The military basically wants an oracle. Feed the AI the situation, get the best answer out. But if the AIs are as diverse and opinionated as humans, it is debatable whether they are adding anything to the process. The military can already collect as many different opinions as they want. If "the computer" is just another set of diverse opinions, where one computer says one thing, another says another, and a third just tells the user whatever they want to hear... what value are they? It just becomes AI-washing of someone's opinions, which works until people collectively realize that's all it is.

3 comments

What's interesting is that the LLMs' coding personalities seem to match their policy WRT to strategy, which suggests an underlying consistency.

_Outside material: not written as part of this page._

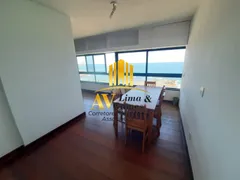 Apartamento com 3 Quartos à venda, 130m² no Ondina, Salvador - Foto 25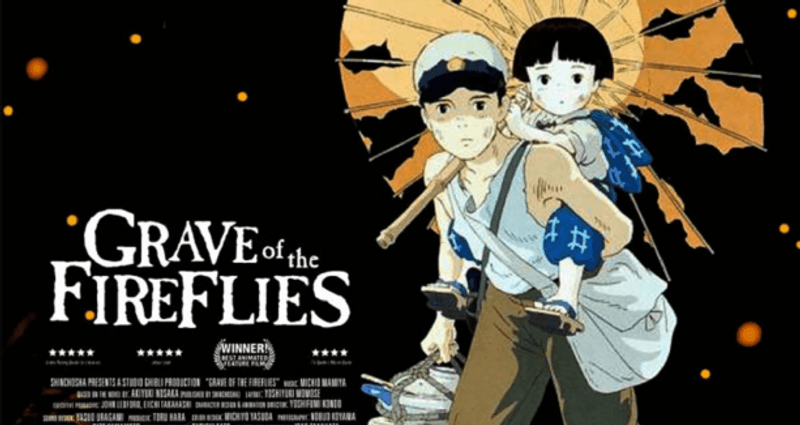 Thumbnail Course Detail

Claude, for example, is very eager to begin coding, and very persistent. It tends to exit plan mode even when the plan is half-baked, and will go as far as deleting tests to get the suite to "pass."

ChatGPT on the other hand is very hesitant. It loves to pause and ask for permission before it starts coding, and gives up quickly if it runs into a problem. This is similar to its tendency toward passivity in the strategy simulation presented here.

They all have conditioning prompts that precede your input; presumably, most of the detected "personality" comes from the differences in these inputs.
I think this is why reasoning chains and reasoning chain verifiers are so important. We need to be able to see an argumentation, not just an answer. The paper below goes into this in more detail.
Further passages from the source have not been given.